A collection of posts from various authors on the issues raised in TBFS

This post contains links to some of the important writings that have come out in recent times since The Battle for Sanskrit was released.

1. Here is a review of TBFS by Siddhartha, who calls out the deficiencies in Sheldon Pollock's scholarship starting from his discrediting of oral traditions of Hinduism to his dating of Ramayana and its interpretation, to his collusion with Indian Marxists to attempt intervention in India.

The review can be read here:

A review of The Battle for Sanskrit

2. Next up is the article by Aditi Banerjee in Swarajya magazine. In her article, she not only argues why it is foolish for Indians to be outsourcing the adhikara to interpret our civilizational heritage to people who are not insiders but she also lets us know how rigorous a training one should have to even attempt interpreting our sacred scriptures and treatises. She talks about how this rigour was inculcated in our scholars and how bypassing this rigour can dilute the ability to interpret correctly our shastras and scriptures.

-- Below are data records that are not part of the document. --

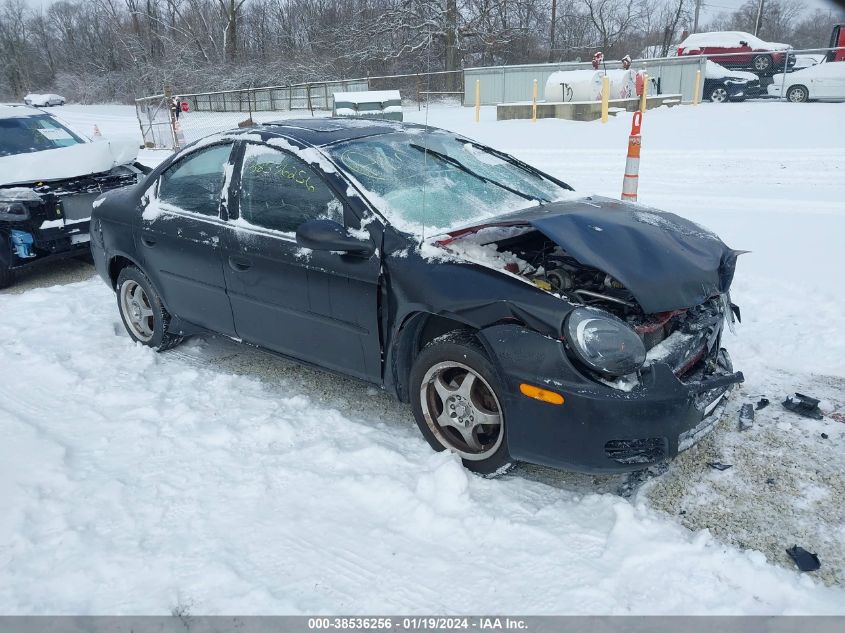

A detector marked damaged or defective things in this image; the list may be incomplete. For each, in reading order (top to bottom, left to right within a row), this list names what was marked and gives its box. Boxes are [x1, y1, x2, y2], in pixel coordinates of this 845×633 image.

shattered windshield [0, 112, 84, 156]
crumpled car hood [0, 137, 138, 186]
shattered windshield [326, 131, 576, 235]
wrecked dark gray sedan [89, 118, 740, 474]
crumpled car hood [462, 195, 740, 314]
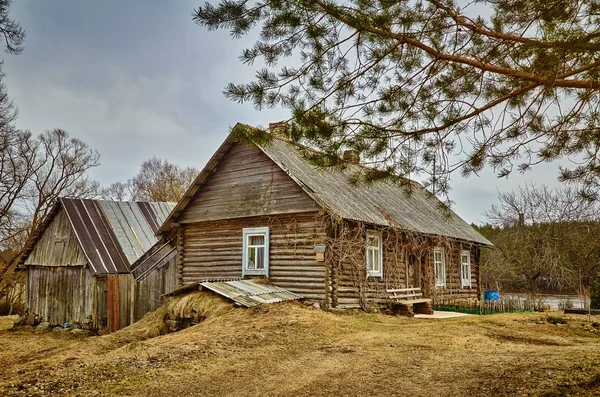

Her article can be read here:

Let's stop funding our enemies

3. Ashay does a throrough deconstruction of Pollock's paper 'Deep Orientalism'. He says that the paper is 'a step-by-step guide to blame India in general & Sanskrit in particular for Nazism'.

He says that 'The outline is as follows:
Step 1: Trans-historicize the idea of Orientalism
Step 2: Show that “Orientalist” German Indology contributed to Nazism
Step 3: Show existence of pre-colonial “Orientalism” in Sanskrit thought
Step 4: Show that British Indology was a continuity of pre-colonial “Orientalism”
Step 5: Show Nazism is continuity of Sanskrit thought'

You can read the article here:

The shallowness of Pollock's 'Deep Orientalism'

4. Sejuti Banerjea does an excellent job of refuting Rohan Murty's statements in his article in the Times of India. The article is titled 'The classics belong to the world and no one has exclusive rights'.
In her rebuttal, Sejuti picks up statements made by Rohan Murty in his article and points out the fallacies inherent in them.

She has blogged at:

What Rohan Murty's comment really says

5. Kaushik Gangopadhyay draws a parallel between American progressives at the time when slavery was a practice in America and now as scholars learning India. He contrasts two people Frederick Olmsted from the times when slavery was practised and Sheldon Pollock as a scholar studying India. He draws eerie parallels in their methodology and shows how it can be catastrophic for India to let Sheldon Pollock have his way unchallenged.